The herm, the stone pillar that was to be found in almost every courtyard of ancient Greece, symbolized the ambivalent nature of the god: it consisted of a head of Hermes and a huge erection, head and genitals represented together. The god of the solemn descent to the depths of spirit was also the god of sexuality. When the gods are called by Hephaistos to watch Ares and Aphrodite in the net he has laid to trap them, Hermes is the only god who is not caught in shame, anger or embarrassment. When Apollo, in his detached, inquiring way, asks him whether he would care, 'though held in those unyielding shackles, to lie in bed by golden Aphrodite's side', Hermes fantasizes freely and unselfconsciously in front of all the gods.
Hermes fantasizes but is never trapped. Whether in the realm of sexual fantasy or chasing the nymphs, dancing and mating with them 'in the depths of pleasant caves', Hermes is involved but never caught. The god of becoming embodies the longing in us to move beyond fantasy and beyond experience into our ever-expanding reality, always en route, never caught by the magic, the glamour of any stage in the journey, yet fully enjoying the scenery along the way. So, after we have laughed at his wit, been held in the grip of his drama, nourished ourselves in his wisdom, reveled in the colour and layers of his adventures, he still raises echo after echo in our minds and hearts. Which is not surprising, for the Hermes in us is as inexhaustible, as mysterious and as mercurial as life. [p. 197]

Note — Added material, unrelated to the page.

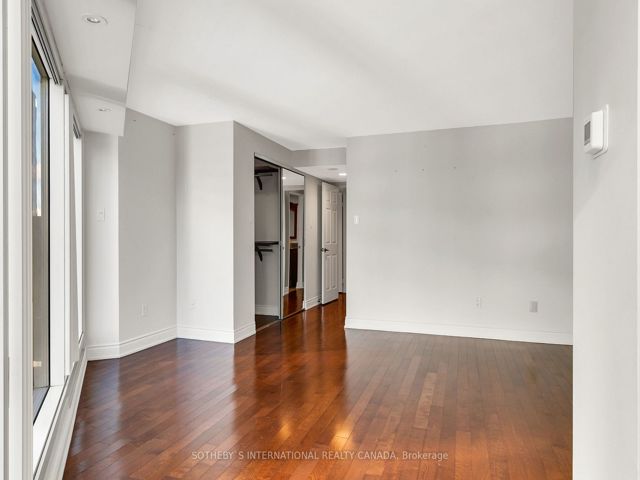 2108 - 33 University Ave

[Mosaic from a Roman villa, 2nd c. AD. The flute is not only a musical instrument associated with Hermes, but part of the god's magical side. In Mozart's opera it is the magic flute that protects Tamino through the different tests of his journey, as Hermes guides and protects man in his voyage through different realms and adventures, through love, fear, pain, and joy.]
[Statue of a shepherd, Roman copy of a Hellenistic original. Hermes is the god of the solemn descent to the depths of spirit and the god of sexuality, the god of everyday reality, of shepherds and the marketplace, and the god of the eternal who guides souls to the Underworld and to knowledge beyond death.]
[Stassinopoulos, Arianna and Roloff Beny. The Gods of Greece. New York: Abrams. 1983.]